Using `container.run()` with Express

The sadly ubiquitous Express HTTP server doesn't mesh well with async code. This means some care must be taken when integrating DICC into an Express-based application, otherwise the async context tracking within the container.run() callback required to make locally-scoped services possible simply won't work.
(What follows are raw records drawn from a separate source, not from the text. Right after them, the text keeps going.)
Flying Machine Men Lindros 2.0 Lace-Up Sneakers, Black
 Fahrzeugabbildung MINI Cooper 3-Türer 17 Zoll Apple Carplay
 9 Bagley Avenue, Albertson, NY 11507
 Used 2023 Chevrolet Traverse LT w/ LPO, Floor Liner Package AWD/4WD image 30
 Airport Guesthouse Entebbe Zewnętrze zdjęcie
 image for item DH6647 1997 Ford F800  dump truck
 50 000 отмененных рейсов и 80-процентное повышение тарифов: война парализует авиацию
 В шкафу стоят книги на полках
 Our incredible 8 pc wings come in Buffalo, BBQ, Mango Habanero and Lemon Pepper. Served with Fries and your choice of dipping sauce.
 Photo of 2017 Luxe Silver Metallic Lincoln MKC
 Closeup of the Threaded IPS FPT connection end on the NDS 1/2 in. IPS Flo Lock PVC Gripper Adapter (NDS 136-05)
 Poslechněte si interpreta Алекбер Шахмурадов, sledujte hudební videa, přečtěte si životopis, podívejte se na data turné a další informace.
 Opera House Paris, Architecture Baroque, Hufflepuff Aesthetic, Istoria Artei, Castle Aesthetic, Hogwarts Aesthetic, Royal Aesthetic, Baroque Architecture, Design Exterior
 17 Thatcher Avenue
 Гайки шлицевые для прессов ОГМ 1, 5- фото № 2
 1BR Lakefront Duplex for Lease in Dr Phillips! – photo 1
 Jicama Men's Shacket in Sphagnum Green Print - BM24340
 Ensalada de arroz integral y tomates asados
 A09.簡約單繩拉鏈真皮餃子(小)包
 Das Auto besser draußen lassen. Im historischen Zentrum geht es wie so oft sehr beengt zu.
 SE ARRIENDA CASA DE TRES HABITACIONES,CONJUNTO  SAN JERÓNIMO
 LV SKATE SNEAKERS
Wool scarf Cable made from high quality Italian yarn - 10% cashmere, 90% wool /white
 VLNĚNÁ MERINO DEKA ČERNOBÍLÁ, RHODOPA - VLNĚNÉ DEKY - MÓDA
TL;DR - how do I use DICC with Express?

Just use the following code snippet as your very first middleware:

app.use((req, res, next) => {
  container.run(async () => {
    next();

    if (!res.closed) {
      await new Promise((resolve) => {
        res.on('close', resolve);
      });
    }
  });
});
typescript

Why?

The problem is that the return value of Express middlewares is completely ignored. This means that any middleware which is async will not be properly awaited, and so calling next() in a middleware will return as soon as all subsequent middlewares run their synchronous code - but tracking the end of any asynchronous execution spawned from middlewares is impossible from the point of a preceding middleware. The problem is illustrated by the following snippet:

import express from 'express';

const app = express();

app.use(async (req, res, next) => {
  console.log('mw 1 start');
  await next();
  console.log('mw 1 end');
});

app.use(async (req, res, next) => {
  console.log('mw 2 start');
  await next();
  console.log('mw 2 end');
});

app.use(async (req, res, next) => {
  console.log('mw 3 start');
  await new Promise((r) => setTimeout(r, 250));
  res.end('hello world');
  console.log('mw 3 end');
});

app.listen(8000);
typescript

The script will output the following sequence when a request is handled:

mw 1 start
mw 2 start
mw 3 start
mw 2 end
mw 1 end
mw 3 end
null

Notice the first and second middlewares log the end of their execution before the last middleware finishes executing, even though each middleware awaits the next() call. This means that mw 1 has no direct way of telling when mw 3 (or any other middleware) finished handling the request. If we were to naively use something like container.run(next) in mw 1, the local context would only be available during the synchronous part of the subsequent middlewares, because the run() method awaits the provided callback and cleans up the local context when the callback resolves - but as we've seen, next() doesn't return a Promise, so it will resolve immediately when all synchronous code has been executed.

The snippet at the beginning of this recipe works by waiting for the response stream to be closed before returning from the callback. Unless the app crashes catastrophically, this will ensure that the local DI context will stay alive for the entire duration of the request handling pipeline.